Jennifer Lopez stars in HUSTLERS - Publicity_h 2019
Courtesy of STXfilms

A federal judge has stripped down a lawsuit from the real-life adult entertainer who inspired Jennifer Lopez's street-savvy character in Hustlers. On Tuesday, Samantha Barbash's complaint against STX, Gloria Sanchez Productions and Lopez's Nuyorican Productions was rejected.

Barbash, who was a host at Score’s Gentleman’s Club and Hustlers Club and pled guilty in 2015 to conspiracy, assault and grand larceny, alleged that Hustlers exploited her likeness without her permission and defamed her.

U.S. District Court Judge Denise Cote doesn't have much difficulty dismissing the privacy cause of action with the determination that the exploitation, according to Barbash's own complaint, didn't include her “name, portrait, picture, or voice" in the marketing of the movie.

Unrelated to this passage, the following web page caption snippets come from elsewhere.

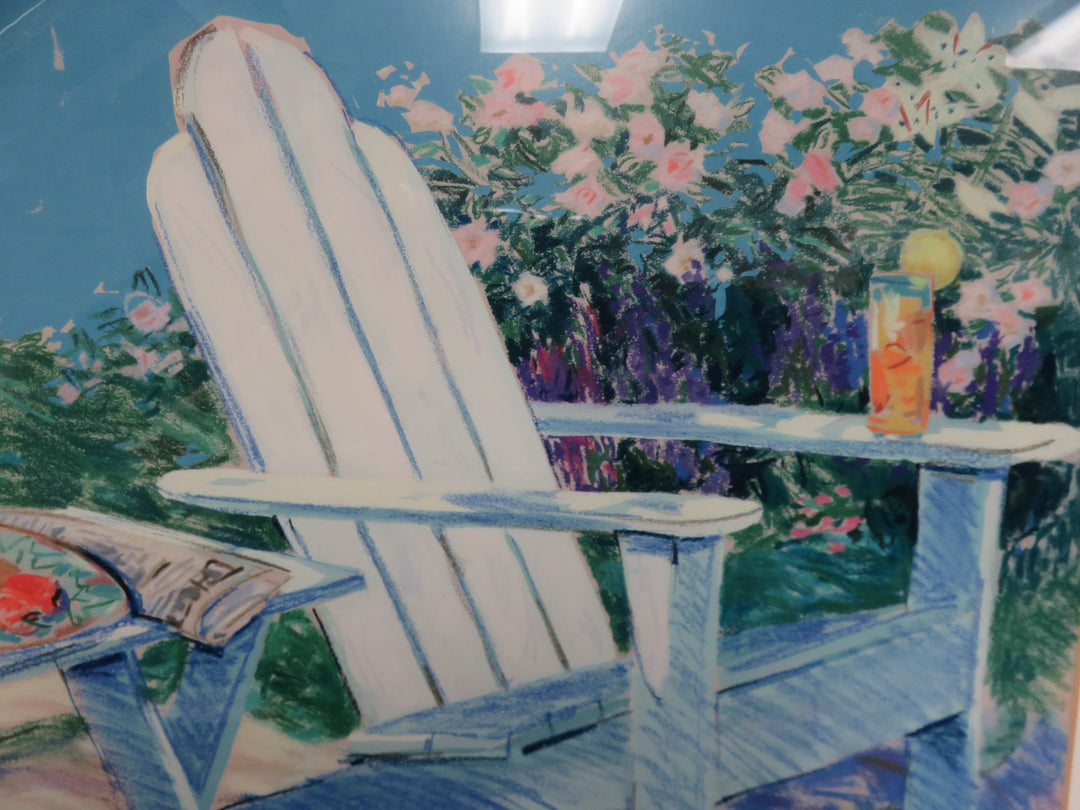 Peaceful Seaside Scene Print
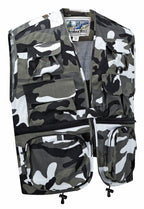 Tactical Military Vest Action Gilet Multi Pocket Waistcoat Assorted Colours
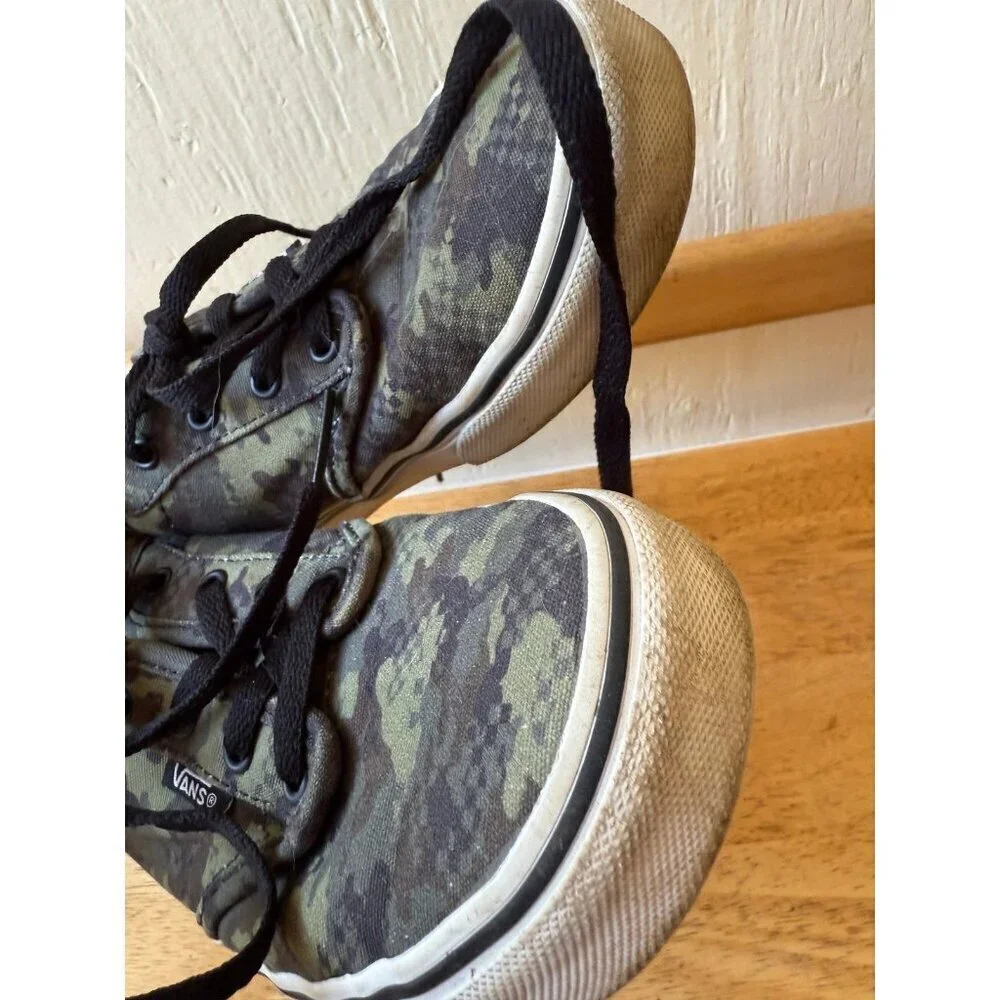 VANS youth size 4 camo sneakers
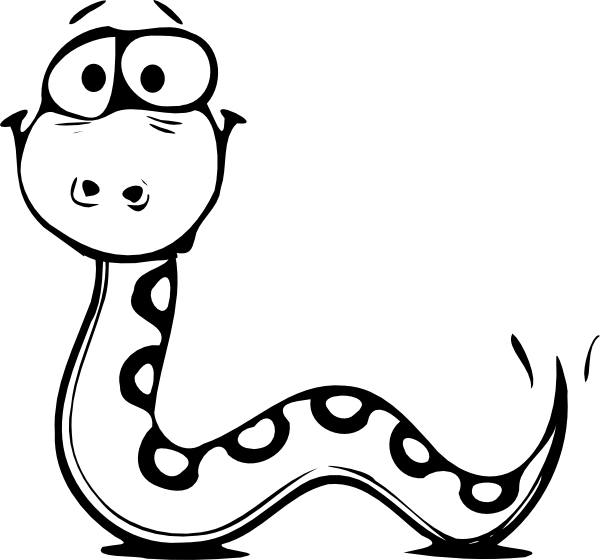 Snake Black And White Cute Snake Clipart Black And - Clip Art Snake Black And White (600x560)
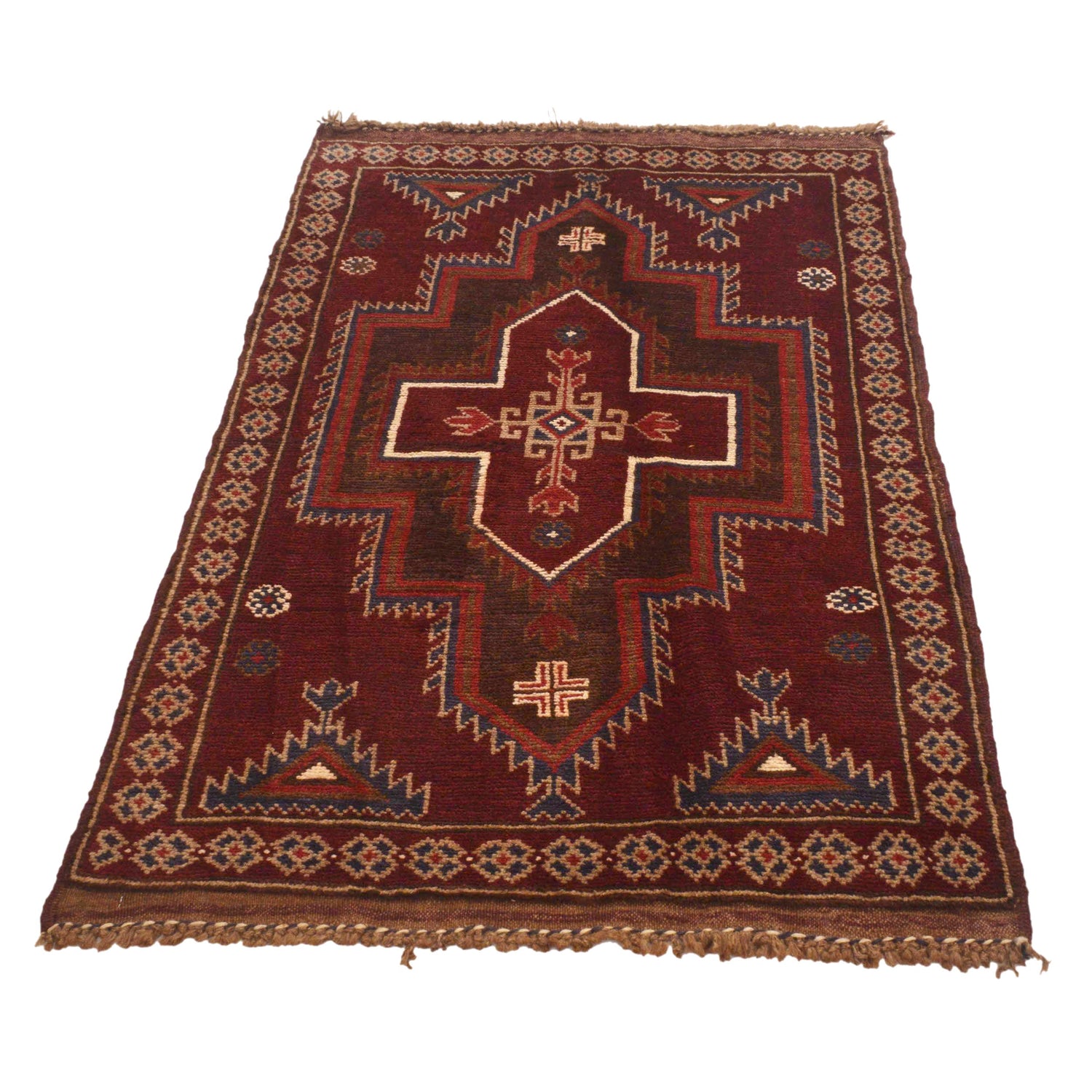 Multi Color Baluchi Rug 2' 10" x 4' 6" (ft) - No. W15065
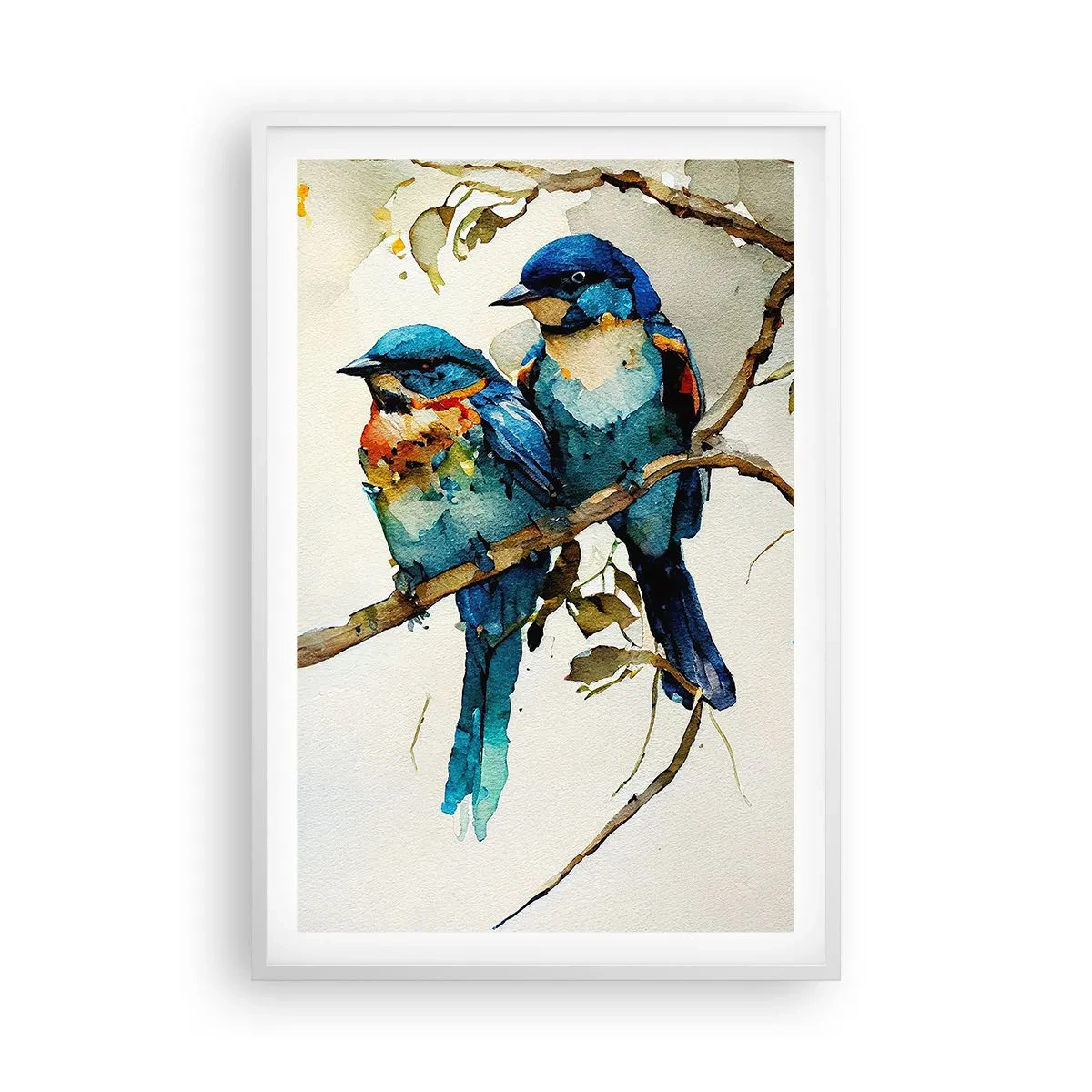 Affisch i vit ram - Sur? - 61x91 cm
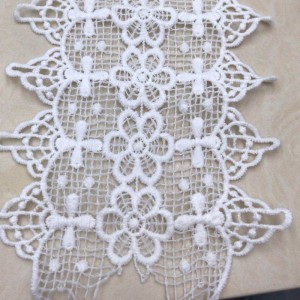 17 # ren lụa sữa ， Polyester / nylon nylon lace ren bông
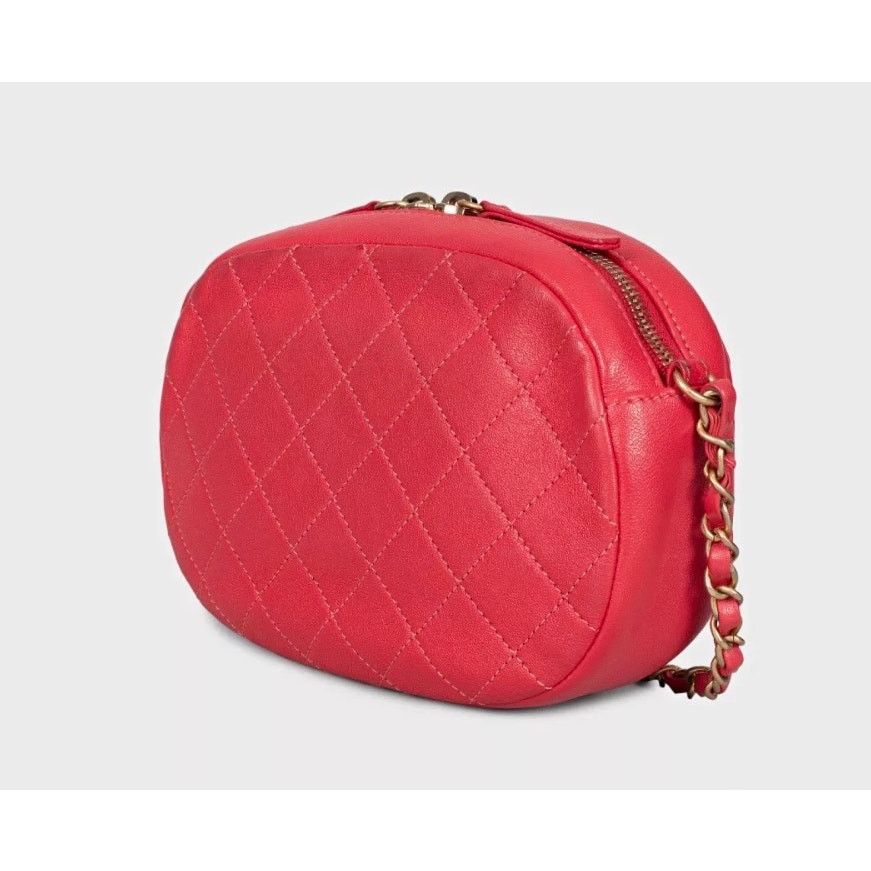 Chanel Elegant Chanel Coco Midnight Red Leather Shoulder Bag Size ONE SIZE - 2 Thumbnail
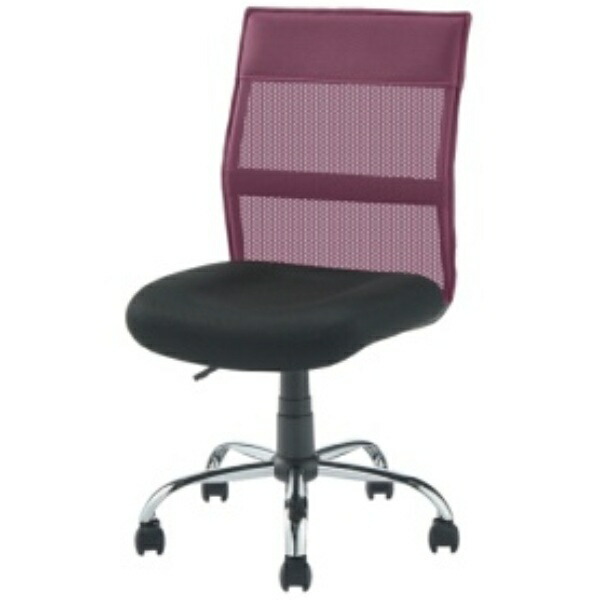 YAMAZEN Mesh Back Computer Chair EMG-778M(WRD) Wine Red
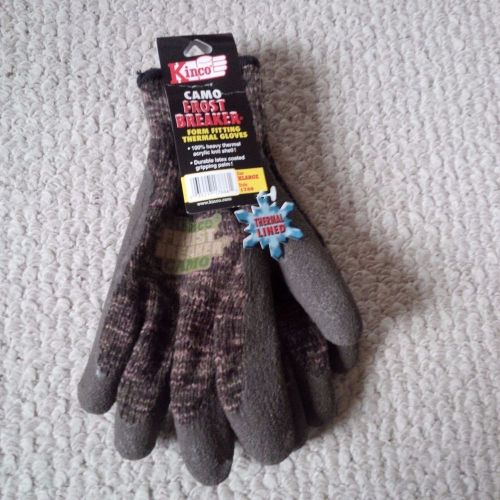 Kinco 1788-XL Frost Breaker Camo Form Fitting Thermal Gloves, Size X-Large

As for defamation, it's a bit more nuanced as the judge does find sufficient alleged falsity in the film's portrayal of drug use. While Barbash pled guilty to participating in a conspiracy in which she and her confederates provided their victims with illegal drugs in order to gain control of and use their credit cards, Barbash alleges she didn't, as the movie suggests, develop the recipe for the drugs, manufacture them, nor use them.

However, after Cote determines she's a limited-purpose public figure given that she pled guilty to crimes in open court and then gave interviews about her deeds (including to the New York Magazine journalist whose story served as the basis for the movie), the judge concludes Barbash hasn't succeeded in pleading actual malice on the part of the defendants.

"Barbash pled guilty to drugging individuals without their consent," writes the judge. "The Pressler Article reports that Barbash concocted the recipe for the mixture of illegal drugs that rendered the scheme’s victims vulnerable to the fraud. Nor does the FAC plead that the Defendants acted with malice in asserting that Barbash herself used drugs. That assertion is the least offensive of all of the statements of which Barbash complains and is naturally connected to the scheme to which Barbash pleaded guilty and which she discussed with journalists."